:: Task statement ::
Copy out every record that follows, word for word.

:: Dataset records ::

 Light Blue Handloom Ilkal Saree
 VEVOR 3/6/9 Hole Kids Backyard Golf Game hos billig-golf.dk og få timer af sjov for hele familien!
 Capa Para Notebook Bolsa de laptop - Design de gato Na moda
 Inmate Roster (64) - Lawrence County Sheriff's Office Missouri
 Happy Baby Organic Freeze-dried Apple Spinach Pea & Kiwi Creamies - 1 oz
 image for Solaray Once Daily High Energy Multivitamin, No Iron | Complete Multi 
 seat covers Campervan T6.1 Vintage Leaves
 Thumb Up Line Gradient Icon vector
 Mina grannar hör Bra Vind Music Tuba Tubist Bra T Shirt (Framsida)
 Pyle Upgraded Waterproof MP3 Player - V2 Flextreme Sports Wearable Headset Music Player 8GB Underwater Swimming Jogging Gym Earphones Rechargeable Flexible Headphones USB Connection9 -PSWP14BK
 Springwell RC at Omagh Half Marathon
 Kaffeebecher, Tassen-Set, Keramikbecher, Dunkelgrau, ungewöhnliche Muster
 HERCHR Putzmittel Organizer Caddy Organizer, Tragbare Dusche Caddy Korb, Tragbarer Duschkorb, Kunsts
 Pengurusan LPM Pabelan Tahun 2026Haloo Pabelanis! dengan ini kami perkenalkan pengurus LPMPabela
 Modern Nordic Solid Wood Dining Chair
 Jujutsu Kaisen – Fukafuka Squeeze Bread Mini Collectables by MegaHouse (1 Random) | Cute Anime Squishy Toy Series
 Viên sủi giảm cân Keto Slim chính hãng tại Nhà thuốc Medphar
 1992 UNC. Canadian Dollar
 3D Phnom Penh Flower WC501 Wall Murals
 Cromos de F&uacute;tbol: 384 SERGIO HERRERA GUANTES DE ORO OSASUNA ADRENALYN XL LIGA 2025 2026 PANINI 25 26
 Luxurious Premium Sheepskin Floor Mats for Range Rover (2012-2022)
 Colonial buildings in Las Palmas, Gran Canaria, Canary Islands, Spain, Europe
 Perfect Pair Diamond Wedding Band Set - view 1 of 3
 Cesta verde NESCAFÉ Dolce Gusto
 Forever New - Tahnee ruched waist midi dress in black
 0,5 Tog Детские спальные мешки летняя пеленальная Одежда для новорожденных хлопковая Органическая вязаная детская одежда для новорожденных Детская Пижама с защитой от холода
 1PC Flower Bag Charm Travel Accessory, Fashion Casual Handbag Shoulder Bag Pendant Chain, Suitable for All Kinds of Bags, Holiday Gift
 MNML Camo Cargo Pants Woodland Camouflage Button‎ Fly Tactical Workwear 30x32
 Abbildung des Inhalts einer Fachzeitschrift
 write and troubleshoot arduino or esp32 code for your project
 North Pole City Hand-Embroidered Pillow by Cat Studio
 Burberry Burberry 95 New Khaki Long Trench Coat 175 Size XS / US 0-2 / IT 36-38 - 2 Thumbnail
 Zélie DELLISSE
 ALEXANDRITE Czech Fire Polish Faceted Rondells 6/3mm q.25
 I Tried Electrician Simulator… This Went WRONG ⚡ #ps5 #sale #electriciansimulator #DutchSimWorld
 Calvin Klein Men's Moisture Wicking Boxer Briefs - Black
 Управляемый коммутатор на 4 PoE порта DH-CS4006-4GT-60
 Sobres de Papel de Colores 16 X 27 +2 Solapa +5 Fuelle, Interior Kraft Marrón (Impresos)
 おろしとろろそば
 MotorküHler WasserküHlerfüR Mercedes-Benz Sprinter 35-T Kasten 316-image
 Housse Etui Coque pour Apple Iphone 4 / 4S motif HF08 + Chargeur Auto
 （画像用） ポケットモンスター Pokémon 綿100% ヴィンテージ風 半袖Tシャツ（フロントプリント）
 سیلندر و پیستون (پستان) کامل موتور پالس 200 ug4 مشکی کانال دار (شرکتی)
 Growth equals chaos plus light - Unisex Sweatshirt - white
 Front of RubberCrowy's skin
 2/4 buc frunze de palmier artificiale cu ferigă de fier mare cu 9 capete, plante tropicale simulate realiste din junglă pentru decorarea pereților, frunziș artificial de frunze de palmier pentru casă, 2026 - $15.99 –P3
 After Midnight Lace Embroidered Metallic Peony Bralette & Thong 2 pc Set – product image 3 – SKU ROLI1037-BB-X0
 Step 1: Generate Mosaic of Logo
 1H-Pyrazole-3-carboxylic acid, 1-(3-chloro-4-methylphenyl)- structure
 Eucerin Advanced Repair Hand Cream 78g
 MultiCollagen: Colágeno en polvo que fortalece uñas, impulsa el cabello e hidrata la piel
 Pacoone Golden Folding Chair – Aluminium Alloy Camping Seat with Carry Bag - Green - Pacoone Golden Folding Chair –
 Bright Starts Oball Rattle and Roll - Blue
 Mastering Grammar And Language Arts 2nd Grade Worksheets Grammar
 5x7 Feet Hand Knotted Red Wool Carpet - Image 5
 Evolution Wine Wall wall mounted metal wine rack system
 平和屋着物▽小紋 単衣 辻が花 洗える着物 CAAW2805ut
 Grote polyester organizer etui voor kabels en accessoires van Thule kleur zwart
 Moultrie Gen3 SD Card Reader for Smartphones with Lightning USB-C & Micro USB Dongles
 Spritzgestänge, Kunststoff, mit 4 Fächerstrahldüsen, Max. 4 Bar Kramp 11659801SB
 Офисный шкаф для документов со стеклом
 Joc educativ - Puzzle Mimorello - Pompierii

:: Task answer ::
 Light Blue Handloom Ilkal Saree
 VEVOR 3/6/9 Hole Kids Backyard Golf Game hos billig-golf.dk og få timer af sjov for hele familien!
 Capa Para Notebook Bolsa de laptop - Design de gato Na moda
 Inmate Roster (64) - Lawrence County Sheriff's Office Missouri
 Happy Baby Organic Freeze-dried Apple Spinach Pea & Kiwi Creamies - 1 oz
 image for Solaray Once Daily High Energy Multivitamin, No Iron | Complete Multi 
 seat covers Campervan T6.1 Vintage Leaves
 Thumb Up Line Gradient Icon vector
 Mina grannar hör Bra Vind Music Tuba Tubist Bra T Shirt (Framsida)
 Pyle Upgraded Waterproof MP3 Player - V2 Flextreme Sports Wearable Headset Music Player 8GB Underwater Swimming Jogging Gym Earphones Rechargeable Flexible Headphones USB Connection9 -PSWP14BK
 Springwell RC at Omagh Half Marathon
 Kaffeebecher, Tassen-Set, Keramikbecher, Dunkelgrau, ungewöhnliche Muster
 HERCHR Putzmittel Organizer Caddy Organizer, Tragbare Dusche Caddy Korb, Tragbarer Duschkorb, Kunsts
 Pengurusan LPM Pabelan Tahun 2026Haloo Pabelanis! dengan ini kami perkenalkan pengurus LPMPabela
 Modern Nordic Solid Wood Dining Chair
 Jujutsu Kaisen – Fukafuka Squeeze Bread Mini Collectables by MegaHouse (1 Random) | Cute Anime Squishy Toy Series
 Viên sủi giảm cân Keto Slim chính hãng tại Nhà thuốc Medphar
 1992 UNC. Canadian Dollar
 3D Phnom Penh Flower WC501 Wall Murals
 Cromos de F&uacute;tbol: 384 SERGIO HERRERA GUANTES DE ORO OSASUNA ADRENALYN XL LIGA 2025 2026 PANINI 25 26
 Luxurious Premium Sheepskin Floor Mats for Range Rover (2012-2022)
 Colonial buildings in Las Palmas, Gran Canaria, Canary Islands, Spain, Europe
 Perfect Pair Diamond Wedding Band Set - view 1 of 3
 Cesta verde NESCAFÉ Dolce Gusto
 Forever New - Tahnee ruched waist midi dress in black
 0,5 Tog Детские спальные мешки летняя пеленальная Одежда для новорожденных хлопковая Органическая вязаная детская одежда для новорожденных Детская Пижама с защитой от холода
 1PC Flower Bag Charm Travel Accessory, Fashion Casual Handbag Shoulder Bag Pendant Chain, Suitable for All Kinds of Bags, Holiday Gift
 MNML Camo Cargo Pants Woodland Camouflage Button‎ Fly Tactical Workwear 30x32
 Abbildung des Inhalts einer Fachzeitschrift
 write and troubleshoot arduino or esp32 code for your project
 North Pole City Hand-Embroidered Pillow by Cat Studio
 Burberry Burberry 95 New Khaki Long Trench Coat 175 Size XS / US 0-2 / IT 36-38 - 2 Thumbnail
 Zélie DELLISSE
 ALEXANDRITE Czech Fire Polish Faceted Rondells 6/3mm q.25
 I Tried Electrician Simulator… This Went WRONG ⚡ #ps5 #sale #electriciansimulator #DutchSimWorld
 Calvin Klein Men's Moisture Wicking Boxer Briefs - Black
 Управляемый коммутатор на 4 PoE порта DH-CS4006-4GT-60
 Sobres de Papel de Colores 16 X 27 +2 Solapa +5 Fuelle, Interior Kraft Marrón (Impresos)
 おろしとろろそば
 MotorküHler WasserküHlerfüR Mercedes-Benz Sprinter 35-T Kasten 316-image
 Housse Etui Coque pour Apple Iphone 4 / 4S motif HF08 + Chargeur Auto
 （画像用） ポケットモンスター Pokémon 綿100% ヴィンテージ風 半袖Tシャツ（フロントプリント）
 سیلندر و پیستون (پستان) کامل موتور پالس 200 ug4 مشکی کانال دار (شرکتی)
 Growth equals chaos plus light - Unisex Sweatshirt - white
 Front of RubberCrowy's skin
 2/4 buc frunze de palmier artificiale cu ferigă de fier mare cu 9 capete, plante tropicale simulate realiste din junglă pentru decorarea pereților, frunziș artificial de frunze de palmier pentru casă, 2026 - $15.99 –P3
 After Midnight Lace Embroidered Metallic Peony Bralette & Thong 2 pc Set – product image 3 – SKU ROLI1037-BB-X0
 Step 1: Generate Mosaic of Logo
 1H-Pyrazole-3-carboxylic acid, 1-(3-chloro-4-methylphenyl)- structure
 Eucerin Advanced Repair Hand Cream 78g
 MultiCollagen: Colágeno en polvo que fortalece uñas, impulsa el cabello e hidrata la piel
 Pacoone Golden Folding Chair – Aluminium Alloy Camping Seat with Carry Bag - Green - Pacoone Golden Folding Chair –
 Bright Starts Oball Rattle and Roll - Blue
 Mastering Grammar And Language Arts 2nd Grade Worksheets Grammar
 5x7 Feet Hand Knotted Red Wool Carpet - Image 5
 Evolution Wine Wall wall mounted metal wine rack system
 平和屋着物▽小紋 単衣 辻が花 洗える着物 CAAW2805ut
 Grote polyester organizer etui voor kabels en accessoires van Thule kleur zwart
 Moultrie Gen3 SD Card Reader for Smartphones with Lightning USB-C & Micro USB Dongles
 Spritzgestänge, Kunststoff, mit 4 Fächerstrahldüsen, Max. 4 Bar Kramp 11659801SB
 Офисный шкаф для документов со стеклом
 Joc educativ - Puzzle Mimorello - Pompierii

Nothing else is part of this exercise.